[Task directions]: Print nothing but the lines below starting at the line that holds "Des Palestiniennes, blessées, pleurent" and ending at the line that holds "The table features", including both, each exactly as written.
'''
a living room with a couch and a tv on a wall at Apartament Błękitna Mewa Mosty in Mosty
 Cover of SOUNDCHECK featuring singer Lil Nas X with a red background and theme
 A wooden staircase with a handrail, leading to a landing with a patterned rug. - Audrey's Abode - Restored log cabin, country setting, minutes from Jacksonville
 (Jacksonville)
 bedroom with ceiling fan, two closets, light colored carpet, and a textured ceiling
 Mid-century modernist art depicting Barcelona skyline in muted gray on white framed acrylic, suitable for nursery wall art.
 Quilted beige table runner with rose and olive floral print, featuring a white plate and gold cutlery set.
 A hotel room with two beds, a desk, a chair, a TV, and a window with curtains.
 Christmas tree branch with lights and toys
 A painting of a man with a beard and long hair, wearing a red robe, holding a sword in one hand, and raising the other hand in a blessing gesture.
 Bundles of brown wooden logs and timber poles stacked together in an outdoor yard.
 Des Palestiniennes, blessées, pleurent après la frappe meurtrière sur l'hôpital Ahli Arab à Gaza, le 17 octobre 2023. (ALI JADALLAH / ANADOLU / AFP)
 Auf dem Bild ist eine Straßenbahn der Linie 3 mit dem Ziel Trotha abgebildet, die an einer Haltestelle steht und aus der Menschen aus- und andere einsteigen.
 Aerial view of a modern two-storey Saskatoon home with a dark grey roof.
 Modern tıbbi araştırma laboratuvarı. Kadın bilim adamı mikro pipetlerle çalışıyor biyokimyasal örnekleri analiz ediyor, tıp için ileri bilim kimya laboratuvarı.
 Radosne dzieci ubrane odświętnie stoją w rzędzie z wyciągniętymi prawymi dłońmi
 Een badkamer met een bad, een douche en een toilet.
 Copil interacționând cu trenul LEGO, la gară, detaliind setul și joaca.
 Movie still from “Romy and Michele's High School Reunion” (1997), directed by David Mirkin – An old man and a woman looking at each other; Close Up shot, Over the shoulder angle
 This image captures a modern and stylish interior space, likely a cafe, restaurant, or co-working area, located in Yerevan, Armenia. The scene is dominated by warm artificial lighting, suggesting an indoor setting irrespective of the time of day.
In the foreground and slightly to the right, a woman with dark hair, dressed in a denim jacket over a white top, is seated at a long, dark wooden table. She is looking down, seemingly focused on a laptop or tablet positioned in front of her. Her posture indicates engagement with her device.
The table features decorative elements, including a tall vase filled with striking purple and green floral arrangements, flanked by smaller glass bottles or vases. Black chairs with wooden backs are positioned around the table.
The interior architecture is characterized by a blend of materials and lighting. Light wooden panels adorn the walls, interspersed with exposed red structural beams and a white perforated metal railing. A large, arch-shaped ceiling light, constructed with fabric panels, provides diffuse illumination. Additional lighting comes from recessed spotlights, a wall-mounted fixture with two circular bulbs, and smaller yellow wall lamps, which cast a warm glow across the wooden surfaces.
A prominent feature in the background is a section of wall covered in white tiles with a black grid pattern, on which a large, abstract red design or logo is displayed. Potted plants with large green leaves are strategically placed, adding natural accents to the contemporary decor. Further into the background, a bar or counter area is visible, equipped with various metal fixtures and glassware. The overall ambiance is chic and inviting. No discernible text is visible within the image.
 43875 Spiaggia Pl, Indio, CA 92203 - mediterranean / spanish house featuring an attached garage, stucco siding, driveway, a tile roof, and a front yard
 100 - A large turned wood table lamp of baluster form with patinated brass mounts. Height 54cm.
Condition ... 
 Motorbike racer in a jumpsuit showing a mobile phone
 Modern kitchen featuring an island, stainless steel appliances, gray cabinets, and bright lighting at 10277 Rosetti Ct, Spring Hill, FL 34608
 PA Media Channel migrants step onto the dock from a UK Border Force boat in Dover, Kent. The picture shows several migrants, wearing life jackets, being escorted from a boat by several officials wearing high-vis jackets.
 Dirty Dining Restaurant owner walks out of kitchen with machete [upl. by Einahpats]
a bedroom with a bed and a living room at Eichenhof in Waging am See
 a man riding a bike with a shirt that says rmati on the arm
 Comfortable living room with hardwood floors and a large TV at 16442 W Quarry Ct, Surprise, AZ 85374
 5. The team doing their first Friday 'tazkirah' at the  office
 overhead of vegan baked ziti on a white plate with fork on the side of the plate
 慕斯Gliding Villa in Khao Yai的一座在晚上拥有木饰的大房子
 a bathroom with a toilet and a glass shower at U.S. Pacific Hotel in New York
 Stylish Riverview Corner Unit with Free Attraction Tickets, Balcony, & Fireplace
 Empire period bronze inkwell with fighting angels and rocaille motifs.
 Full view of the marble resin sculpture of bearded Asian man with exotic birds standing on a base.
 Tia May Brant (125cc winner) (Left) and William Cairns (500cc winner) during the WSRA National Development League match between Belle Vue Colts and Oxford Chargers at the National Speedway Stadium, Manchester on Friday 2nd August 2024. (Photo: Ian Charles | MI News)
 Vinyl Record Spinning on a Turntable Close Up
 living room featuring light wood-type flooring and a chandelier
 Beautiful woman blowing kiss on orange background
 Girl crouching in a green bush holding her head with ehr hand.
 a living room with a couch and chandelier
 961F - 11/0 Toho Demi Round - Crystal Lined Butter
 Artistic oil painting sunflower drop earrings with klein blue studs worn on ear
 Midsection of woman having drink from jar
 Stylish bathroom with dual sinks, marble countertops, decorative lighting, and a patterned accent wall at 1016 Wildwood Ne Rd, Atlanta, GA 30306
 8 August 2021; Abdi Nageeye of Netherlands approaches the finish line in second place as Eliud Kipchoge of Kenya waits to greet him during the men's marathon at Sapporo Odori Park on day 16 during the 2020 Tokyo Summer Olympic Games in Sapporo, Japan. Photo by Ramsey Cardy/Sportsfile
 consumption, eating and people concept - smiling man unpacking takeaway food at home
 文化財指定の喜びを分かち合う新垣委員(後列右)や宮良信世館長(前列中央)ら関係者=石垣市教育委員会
'''
[Reply]:
 Des Palestiniennes, blessées, pleurent après la frappe meurtrière sur l'hôpital Ahli Arab à Gaza, le 17 octobre 2023. (ALI JADALLAH / ANADOLU / AFP)
 Auf dem Bild ist eine Straßenbahn der Linie 3 mit dem Ziel Trotha abgebildet, die an einer Haltestelle steht und aus der Menschen aus- und andere einsteigen.
 Aerial view of a modern two-storey Saskatoon home with a dark grey roof.
 Modern tıbbi araştırma laboratuvarı. Kadın bilim adamı mikro pipetlerle çalışıyor biyokimyasal örnekleri analiz ediyor, tıp için ileri bilim kimya laboratuvarı.
 Radosne dzieci ubrane odświętnie stoją w rzędzie z wyciągniętymi prawymi dłońmi
 Een badkamer met een bad, een douche en een toilet.
 Copil interacționând cu trenul LEGO, la gară, detaliind setul și joaca.
 Movie still from “Romy and Michele's High School Reunion” (1997), directed by David Mirkin – An old man and a woman looking at each other; Close Up shot, Over the shoulder angle
 This image captures a modern and stylish interior space, likely a cafe, restaurant, or co-working area, located in Yerevan, Armenia. The scene is dominated by warm artificial lighting, suggesting an indoor setting irrespective of the time of day.
In the foreground and slightly to the right, a woman with dark hair, dressed in a denim jacket over a white top, is seated at a long, dark wooden table. She is looking down, seemingly focused on a laptop or tablet positioned in front of her. Her posture indicates engagement with her device.
The table features decorative elements, including a tall vase filled with striking purple and green floral arrangements, flanked by smaller glass bottles or vases. Black chairs with wooden backs are positioned around the table.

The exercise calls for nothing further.